Creating real behavior change around urban travel is more than just adding more bikeshare stations and creating micromobility pilot programs. City dwellers and visitors have had access to reliable, shared mobility for more than a decade in some cities. What it really comes down to, is creating a safer environment for riders.
Creating better infrastructure around biking and other mobility options (scooters, mopeds, etc.) can and will lead to higher biking adoption rates. 54% of adults said they want to ride bikes more often, but are hesitant because of safety concerns – like getting hit by a motorist.
The benefits of implementing safer mobility infrastructure go beyond just helping out individual riders. It’s important to also recognize the positive impacts these improvements can have on the local community and economy.
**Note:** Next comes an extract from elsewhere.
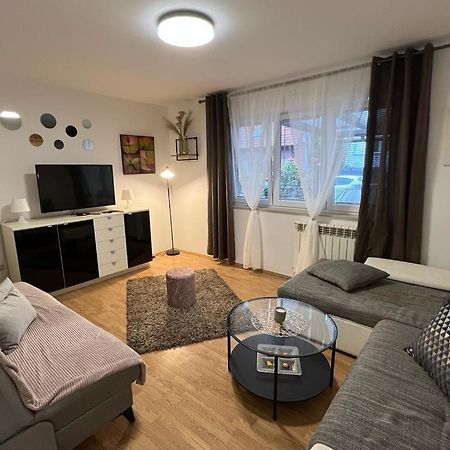 Apartman Lara Zagreb Ngoại thất bức ảnh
One of the most astounding numbers we’ve seen is the return on investment that communities see after investing in infrastructure that supports cyclists and pedestrians. It’s estimated that every $1 spent making communities more bicycle and pedestrian friendly, brings $11.80 into the local economy. We’re not economists here at TransitScreen, but that seems like a pretty good ROI.
Another way this added mobility infrastructure benefits local economies is that it often leads to more private investment in areas made more accessible. Since the High Line opened on the west side of Manhattan in 2009, there has been more than $2 billion in private investment in the neighborhood.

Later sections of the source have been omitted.